▶ [What you will do]: Print each line from the start of the records below up through the line where "Clear Acrylic End" is found, exactly as given.

▶ [Input data]:

::::::::

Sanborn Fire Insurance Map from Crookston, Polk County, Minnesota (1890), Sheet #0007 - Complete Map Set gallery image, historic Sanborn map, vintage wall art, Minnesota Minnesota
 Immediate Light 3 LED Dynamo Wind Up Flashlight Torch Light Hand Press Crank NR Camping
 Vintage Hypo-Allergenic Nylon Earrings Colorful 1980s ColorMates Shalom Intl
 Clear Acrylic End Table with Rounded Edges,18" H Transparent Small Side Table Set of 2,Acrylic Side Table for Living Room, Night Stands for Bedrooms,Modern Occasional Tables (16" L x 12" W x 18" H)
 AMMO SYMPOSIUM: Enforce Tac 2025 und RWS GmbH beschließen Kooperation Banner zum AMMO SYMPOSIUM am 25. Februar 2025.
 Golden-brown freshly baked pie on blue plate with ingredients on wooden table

::::::::

▶ [Output for this task]:
Sanborn Fire Insurance Map from Crookston, Polk County, Minnesota (1890), Sheet #0007 - Complete Map Set gallery image, historic Sanborn map, vintage wall art, Minnesota Minnesota
 Immediate Light 3 LED Dynamo Wind Up Flashlight Torch Light Hand Press Crank NR Camping
 Vintage Hypo-Allergenic Nylon Earrings Colorful 1980s ColorMates Shalom Intl
 Clear Acrylic End Table with Rounded Edges,18" H Transparent Small Side Table Set of 2,Acrylic Side Table for Living Room, Night Stands for Bedrooms,Modern Occasional Tables (16" L x 12" W x 18" H)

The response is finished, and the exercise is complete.